Wages are meanwhile rising by just 20%.

Critics consider the utility hikes effectively a tax increase amounting to 6% or more from average incomes - while $4 billion a year were granted in corporate and high-end tax cuts.

The economy grew last year by 2.9%; but GDP fell 4.2% in the second quarter of 2018 compared with a year earlier. Unemployment rose in June to 9.6% - the highest in 12 years - and another 60,000 jobs were lost in July.

The peso has lost over half its value so far this year, from 19 to 42 per dollar.

This has pushed up gasoline prices by over 60% - which impacts the price of many products, especially food. Argentina also suffered its worst drought since 2009 earlier this year, crippling soy exports and putting further pressure on food prices.

Stuck in the middle

The drop in purchasing power has also hit the middle class, which represents about 40% of the country’s population and were until recently strongly supportive of Macri.

The shrinking peso has made it more expensive to buy imported goods such as smartphones, or to travel abroad. Foreign spending by Argentine nationals fell abruptly in June by 28% - a $300 million monthly savings for the central bank dwarfed by $3 billion in capital flight a month.

Some have coped by dropping their internet service or sharing it with neighbors, while others have postponed buying a new home or car and have opted for public transport.

Over 130,000 borrowers with adjustable-rate (UVA) mortages promoted by Macri in 2016, are now facing steep negative amortization (loss of equity) or outright foreclosure as both their installments and principal rise - a situation similar to the 1981-82 Circular 1050 mortgage crisis during the last dictatorship.

From plaudits to bailout

Macri's image as a market-friendly businessman meant that early in his administration there was an inflow of cash from foreign lenders, which helped cover rising budget and external deficits.

Argentina sold $133 billion in bonds in Macri's first two years - more than any emerging market except South Korea. Foreign investors stopped buying in January however, popping last year's carry-trade debt bubble - known locally as the financial bicycle - and leading to wave of capital flight.

The crisis forced Argentina to request a $50 billion IMF credit line in June - a bailout conditioned on steep budget cuts.
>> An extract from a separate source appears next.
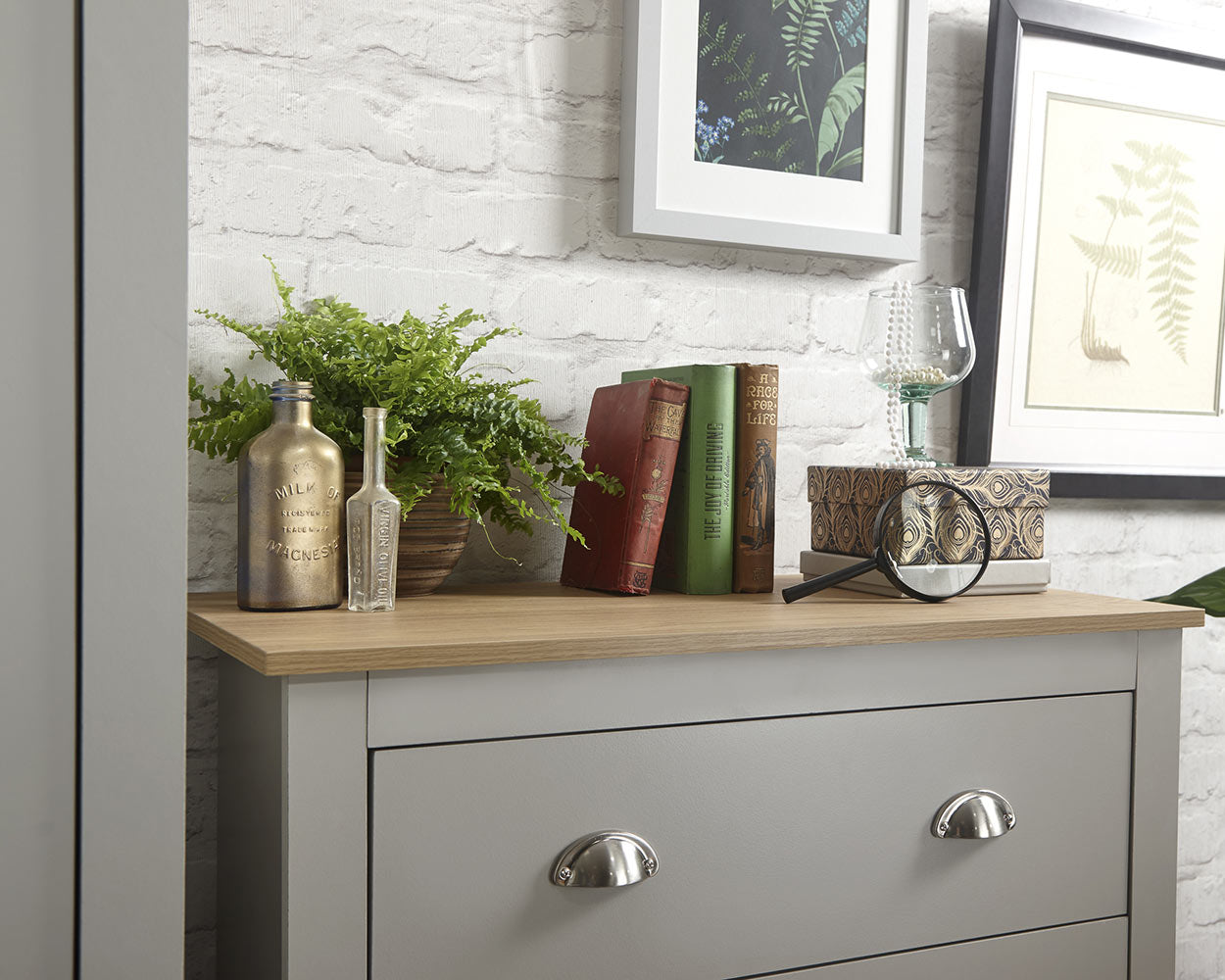 Lancaster 3 Piece Bedroom Furniture Set Grey lifestyle image in a bedroom side by side of the chest of drawers close up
These cuts, plus an interest rate hike to 60% in a bid to shore up the peso, have exacerbated the recession.

And the crisis is unlikely to ease in the near future: The new central bank head, Guido Sandleris, announced he would "restrict the monetary base to reduce demand for dollars to a minimum."

Similar scorched-earth monetary policies during past financial crises in Argentina have failed to tame the dollar.

Nora Pastrana, 45, says she voted for Macri and his right-wing coalition — known as Cambiemos, or “Let's Change.”

“He promised change,” Pastrana said, “but change failed.”

At: https://www.washingtonpost.com/world/the_americas/argentines-sacrifice-vacations-internet-and-even-food-as-economic-crisis-intensifies/2018/09/27/2fc10082-c01e-11e8-9f4f-a1b7af255aa5_story.html



Normally hectic Ninth of July Avenue at a near-standstill during a September 24th general strike - the fourth since Macri took office in 2015.

Macri has already spent the $15 billion IMF loan from June 22, mostly to cover capital flight by speculators.

"Our future is not in speculation and financial rackets," CTA labor federation head Pablo Micheli said. "That's for the loafers in the administration."